私自身が実験の修行をしたことで微生物学や分子生物学の実験の原理が基本的に分かるため、各工程でバイアスが生じるポイントも分かります。そこをきちんと押さえていくことで、信頼できるデータを取れる。だから安心してデータ解析に取り組めます。

数理モデルでマイクロバイオームの挙動を予測・制御可能にしたい

――マイクロバイオーム研究、まだまだやることはたくさんありそうですが、こんな若い人と一緒に研究したい、というのはありますか?

須田:様々な分野において、実際の複雑な現象からのデータ解析やモデル作成に取り組んでいる人にひかれます。今は、データベースを作って、マイクロバイオーム全体を徹底的に記述して、その時系列変動を把握することを目指しています。すると次に知りたくなるのが、その予測と制御なんですね。

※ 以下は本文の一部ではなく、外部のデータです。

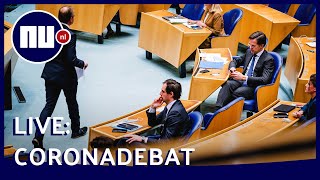 Kamer debatteert over ontwikkelingen rond coronavirus  NUnl [upl. by Hermon]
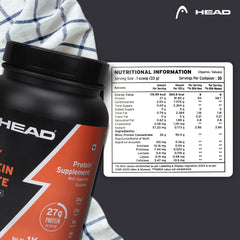 Head Premium 100% Whey Protein Powder Isolate, 1Kg, Natural Chocolate, 30 Servings, Sports & Fitness Enthusiast, Muscle Strength & Bone Health, Sugarfree - Primary Source - Whey Isolate (Sourced from Europe)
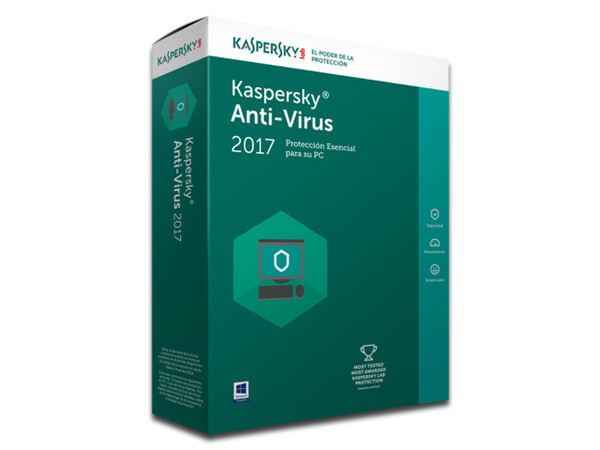 Kaspersky Anti-Virus 2017, 5 usuarios, 1 Año.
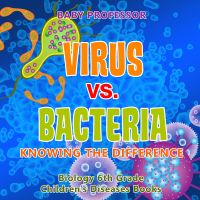 Imagen de portada: Virus vs. Bacteria : Knowing the Difference - Biology 6th Grade | Children's Biology Books 9781541938915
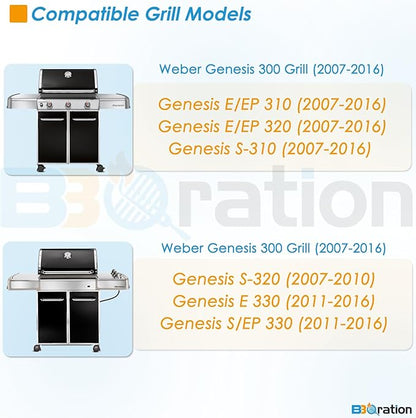 65054 Warming Rack for Weber Genesis 300 Grill Parts (2007-2016) Genesis E310 E320 E330, Grill Warming Rack for Weber Genesis Grill Parts Warming Rack for Weber 81323 62749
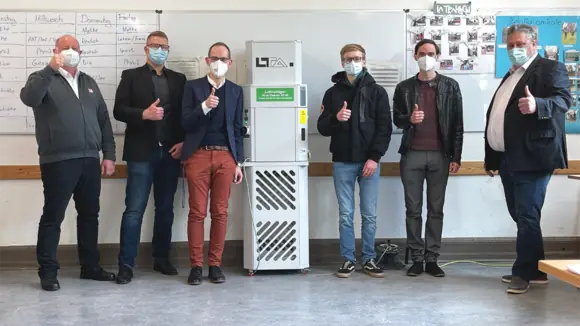 Aktiver Schutz und gesundes Raumklima für die Klaus-Groth-Schule in Neumünster mit antiviraler Luftfiltration Virus Cleaner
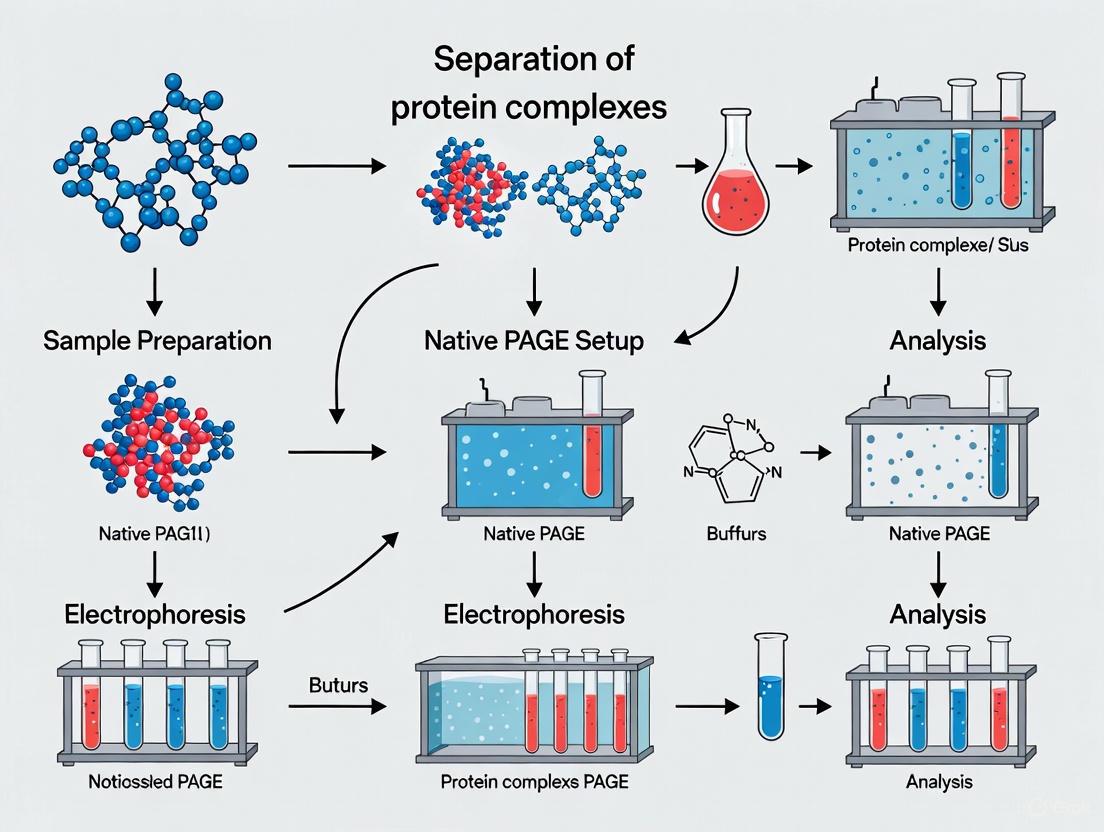 Native PAGE for Protein Complexes: A Comprehensive Guide from Principles to Advanced Applications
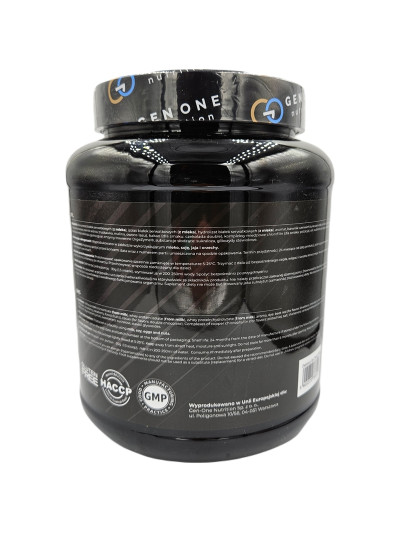 Tył GEN ONE Whey Mix Protein 900 g lody śmietankowe w sklepie Pakuj ZDROWIE Gdańsk Wrzeszcz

マイクロバイオームの中には複雑な菌の相互作用があって、ホストのプレッシャーも受けて、食べ物や化学物質にも暴露されている。微生物だけではなく、環境もインプットとして普遍的な法則、要は数式を作ってくれる人がいればいいなと思っています。そういう数理モデルができれば、このファクターを動かせばマイクロバイオームがこう変わるかも、という予測ができる。

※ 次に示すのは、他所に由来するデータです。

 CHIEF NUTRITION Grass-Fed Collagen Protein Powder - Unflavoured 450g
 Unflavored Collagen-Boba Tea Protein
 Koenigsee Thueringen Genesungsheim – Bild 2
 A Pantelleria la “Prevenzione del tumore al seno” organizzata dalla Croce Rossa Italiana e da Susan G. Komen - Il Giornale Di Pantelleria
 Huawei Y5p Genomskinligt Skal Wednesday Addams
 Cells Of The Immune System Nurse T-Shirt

それを実験で確かめるというのが本当のデータ駆動型研究だと思っているので、微生物にとらわれず多彩なデータを解析できる人とコラボレーションできればと思っています。マイクロバイオームのデータを解析する人員もまったく足りていないので必要だと思っていますが、私にはできない新しい見方をしてくれる人はとても重要だと感じています。

――最終的に、菌とヒトの関係性を完全に解明することはできるのでしょうか。

須田:それを目指してはいるのですが、考えないといけないことはたくさんあります。例えばSIPのロングリードシーケンサーで読んだメタゲノムでは、ファージの中でも1本鎖のファージや、RNAウィルスは検出できていないとか、あとは真核微生物も腸内にいるけど層別化する情報学的技術は現在模索中であるとか、まだまだ見えていないものがあります。

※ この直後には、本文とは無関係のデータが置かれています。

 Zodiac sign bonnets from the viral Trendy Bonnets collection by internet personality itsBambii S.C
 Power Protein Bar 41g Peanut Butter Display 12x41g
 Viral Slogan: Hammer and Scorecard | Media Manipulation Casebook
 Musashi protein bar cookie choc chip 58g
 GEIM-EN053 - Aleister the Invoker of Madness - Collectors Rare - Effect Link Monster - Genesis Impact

ただ、そうしたものは技術が発達することで、いずれは全部見えるようになると思っています。だから、その先に何をするか、常に考えなくてはいけないと思っています。例を挙げると、複数の菌が同時に存在することで、宿主の免疫を刺激する効果のある菌の組み合わせが見つかっているのですが、相互作用のメカニズムはまだ完全には解明できていません。今は実験的にいろいろな組み合わせを発見している段階ですが、数理モデルや、あるいはAIのようなものが予測に役立つかもしれない。まだまだやることはたくさんあると思っています。

須田 亙(すだ・わたる)
国立研究開発法人理化学研究所生命医科学研究センター
マイクロバイオーム研究チーム 副チームリーダー

2010年に千葉大学大学院で学位(博士・農学)を取得して以降、メタゲノム解析を主軸としたヒトマイクロバイオームや環境中マイクロバイオームの研究に従事。東京大学大学院での研究員、慶應義塾大学医学部での助教、講師を経て、現在は理化学研究所生命医科学研究センターにて、研究を展開中。